We learned that a good man passed last Saturday evening. Ed Kelleher, for 32 years an editor for the Richmond Times-Dispatch, was a much-loved newspaperman who had a half-dozen years on me. “He deeply cared about people,” said one of his colleagues. “His kindness and empathy were at the core of what made him a great journalist and co-worker.” He lived and wrote his stories in his hometown, close to people he loved.

We brought home new wisdom: no hiding out in fake places. The passing of a compassionate man and the tolling rush of time sharpens understanding: hold those you love close wherever you find adventure in existence, what you have left. The rough-edged neighborhood we left was a sensible place for a long time but whatever the landing place, discovery, passion, goodness still are possible to the end.

We unpacked. I walked out the kitchen door and looked at the yard. It was early evening, the sun was starting to sink beyond the roofs of neighbors’ homes. Nothing had changed: lawn furniture blown over in a storm, weeds spreading bright and green, a chunk of the back fence broken. I went back inside. Here, we’ll go on.   

Milford Gap

February 27, 2023

The runners arriving at the Milford Gap aid station were exhausted, cold, bleary-eyed. Sarah, the station team lead, had prepared tasty, wood-fired pizza, they devoured it and guzzled water. It was a crystal-clear early morning, but really still the middle of the night. The stars and a quarter moon glowed in the mountain sky. We let the runners sit for a few minutes, checked their condition, then sent them north on the Massanutten Trail.

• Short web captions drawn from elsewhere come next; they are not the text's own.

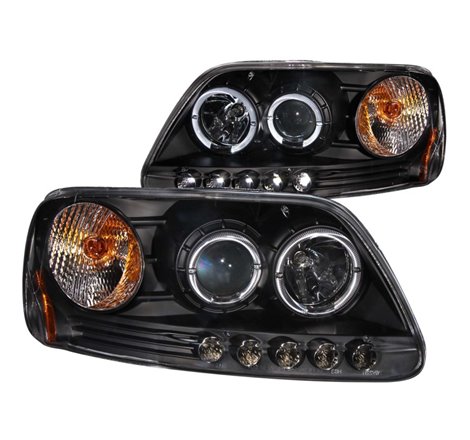 ANZO 1997.5-2003 Ford F-150 Projector Headlights w/ Halo and LED Black 1pc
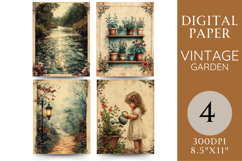 Vintage Garden Paper with Girl, Pots, River and Lantern Product Image 1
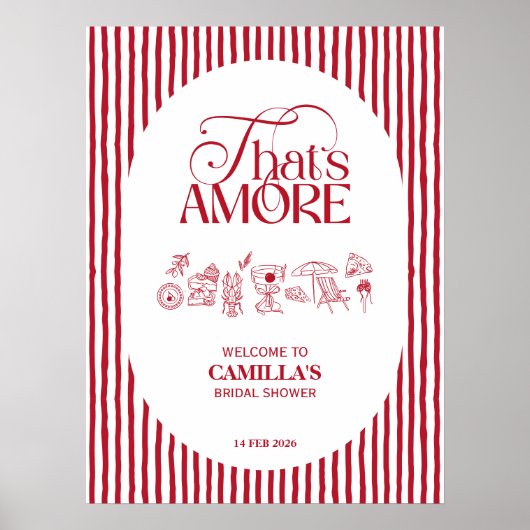 That’s Amore Red hand drawn Bridal Shower ポスター (正面)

The team arrived at the station site mid-afternoon the previous day. Sarah picked up Stephanie, Mike, and Keith, all Milford Gap veterans, in Washington. She then stopped for me at a post office on Fort Valley Road, which runs through the eastern and western ridges of Virginia’s Massanutten range from Strasburg to Luray. We took a side road due east towards the ridge for maybe three miles. She found the trail intersection, pulled forward, and backed up the trail for a couple of hundred yards, nestling the car against the hillside on the passenger’s side. I shimmied out on the driver’s side.

Sarah, team lead

We hauled the folding table, portable stove, utensils, food, water, and bottles of Sarah’s choice of wines a steep half-mile up the Milford Gap trail. Larry, a team member who lives nearby, had erected a canopy and cut a couple of cords of firewood. We set up, Mike got the fire going.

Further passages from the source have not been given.